I believe the community manager is one of the new rock stars of our industry, because the community manager is the last person right between brands and people. They need to understand the brand voice, behaviour, principles and purpose. And it's quite amazing what you can do when you plug that community manager in with strategy and creative and you react to what's happening in the world, getting work out in hours not in days or weeks. 

We've won a lot of awards in this space. Recently, for PG Tips, 'Solidaritea', where the brand stood up against racism, became an activist and joined forces with all its competitors.



LBB? Are there any big questions that you're trying to answer at the moment at OLIVER?


Rodr> One of the biggest questions is: How do you create a good creative culture in-house? I think it's proven now that creative culture doesn't rely on having a headquarters anymore. It doesn't rely on the ping-pong tables, it doesn't rely on the fancy office with a coffee shop in Soho. These things help, but the pandemic proved that creative culture is now mobile - you bring it with you in your backpack.. I'm spending a lot of my time helping to drive a behaviour change and getting excited by how you create creative culture in-house. 

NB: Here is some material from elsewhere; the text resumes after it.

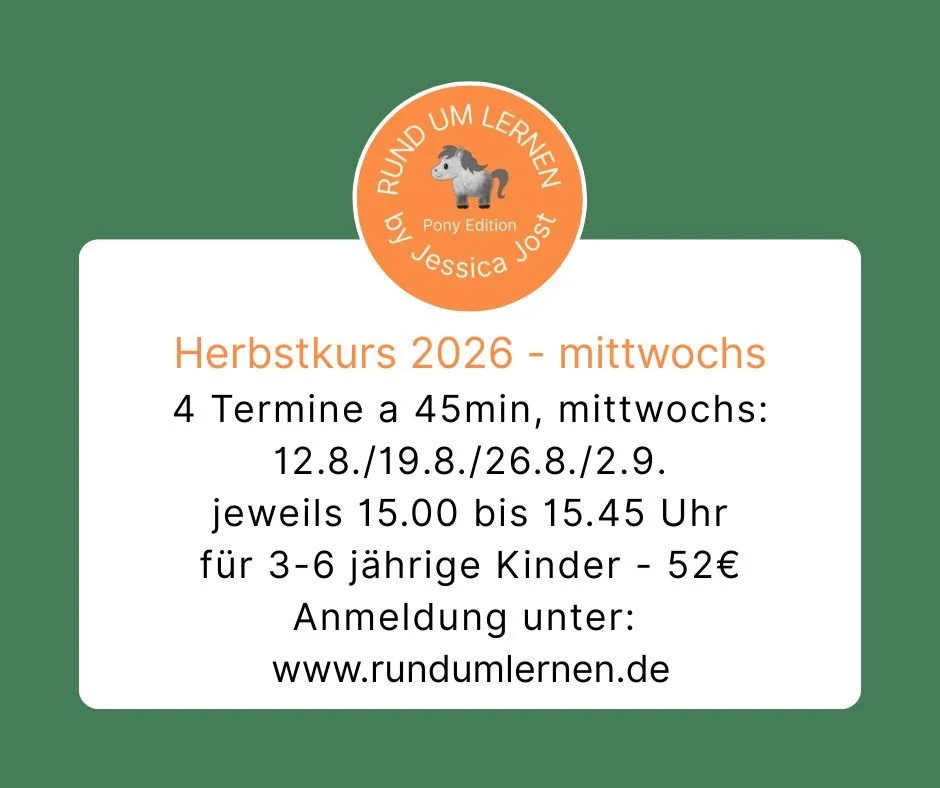 Reitpädagogikkurs für Kinder  3-6 Jahre
Den Ersatztermin (9.9.) gibt es, falls ich z.B. auf Grund gefährlicher Wettervorhersagen absagen muss. Es können maximal 4 Kinder teilnehmen.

What is also exciting is there is a new model of creative leader. If you look at 10 years ago, everyone was talking about being a hybrid. I took that very seriously, of course, because I wanted to have as much depth as I could on both sides. But guess what? Everyone is a hybrid now. Most of the creative leaders coming - the new generation - don't know the world without the internet, without social media and technology. The new thing now for me is being a commercial creative, which means creatives that are interested in going beyond advertising, understanding the business challenges and needs, and applying creativity to something that is broader than a TV commercial, the manifesto and the tagline. 

I've been blown away by some of the people that I've been working with. This new era of creative leaders look at our industry and they don't see just the advertising. They see the opportunity to connect emotionally and rationally with people in any shape or form, from ecommerce to storytelling with data. To be a commercial creative doesn't mean that you're less creative - it just means that you want to drive bigger change and bigger impact. This is awesome and it's the reinvention of our profession.